Let’s say that there is a table that needs to be filled or updated with new rows and values. How is this possible using SQLAlchemy? Well, luckily with the use of the good old Python dictionaries and the .tosql() method, we can manipulate our tables!

Let’s take a look at an example below:

First, let’s create a connection to our Postgres database

import pandas as pd
import os as os
from dotenv import load_dotenv
from sqlalchemy import create_engine

load_dotenv('.env')

user = os.environ['login']
password = os.environ['password']
dbname = os.environ['dbname']
host = os.environ['host']
port = os.environ['port']


engine = create_engine(
    (
        f"postgresql://{user}:"
        f"{password}"
        f"@{host}:{port}/{dbname}"
    )
)

connection = engine.connect()

Let’s call all the “test” table in our public schema

pd.read_sql_query("SELECT * FROM public.test", connection)

Let’s say this is our output, and we know that ‘abc’ and ‘def’ are columns in the test table.

	abc	def
    ---    ---

Now, one crucial thing to consider is the data types of each field. Find that by:

test_data_types_query = "SELECT column_name, data_type, table_schema, table_name FROM information_schema.columns WHERE table_name = 'test'
pd.read_sql_query(test_data_types_query, connection)

Output:

     column_name	data_type	table_schema	table_name
0        abc	character varying	public	test
1	    def	character varying	public	test

Ok, so both fields are strings.

test_data = pd.DataFrame(
    {
        'abc': ['a','b','c'],
        'def': ['1','2','3'] # These can only be strings type
    }
)

Now let’s send the data to the table and check the table.

test_data.to_sql(
    name = 'test',
    con = connection,
    if_exists='append',
    index=False
)

connection.commit()

pd.read_sql_query("SELECT * FROM public.test", connection)

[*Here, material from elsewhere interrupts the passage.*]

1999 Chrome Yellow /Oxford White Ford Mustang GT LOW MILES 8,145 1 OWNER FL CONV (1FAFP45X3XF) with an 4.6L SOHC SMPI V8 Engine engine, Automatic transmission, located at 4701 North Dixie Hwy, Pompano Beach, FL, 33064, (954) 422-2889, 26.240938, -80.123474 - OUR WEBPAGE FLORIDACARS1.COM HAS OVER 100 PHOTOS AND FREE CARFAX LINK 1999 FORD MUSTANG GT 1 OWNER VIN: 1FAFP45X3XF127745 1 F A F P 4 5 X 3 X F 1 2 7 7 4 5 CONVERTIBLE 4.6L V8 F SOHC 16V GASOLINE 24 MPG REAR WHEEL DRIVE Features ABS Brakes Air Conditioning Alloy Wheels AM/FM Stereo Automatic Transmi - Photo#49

The table has been updated!

    abc	def
0	a	1
1	b	2
2	c	3

Ok, well that was quite a lot to take in, but the general idea is to use the .to_sql() method with the specified parameters to make changes to the Postgres database. The parameters that are used are:

  • ‘name’: The name of the SQL table
  • ‘con’: The database connection, in this case, we already declared the ‘connection’ variable
  • ‘index’: Whether to write the DataFrame index as a column in the table
    • ‘True’ or not using a parameter at all will include the indexing in the SQL table and using ‘false’ will exclude it.
  • ‘if_exists’: If the table exists and has some data, we can specify what to do. Options include ‘fail’, ‘replace’, and ‘append’.
    • Using ‘fail’ will grant an error if the table exists and this can be used to prevent any accidental data loss.
    • Using ‘replace’ will replace whatever is in the table already with an empty table and add whatever we just specified with .to_sql().
    • Using ‘append’ will add to our table if it does exist.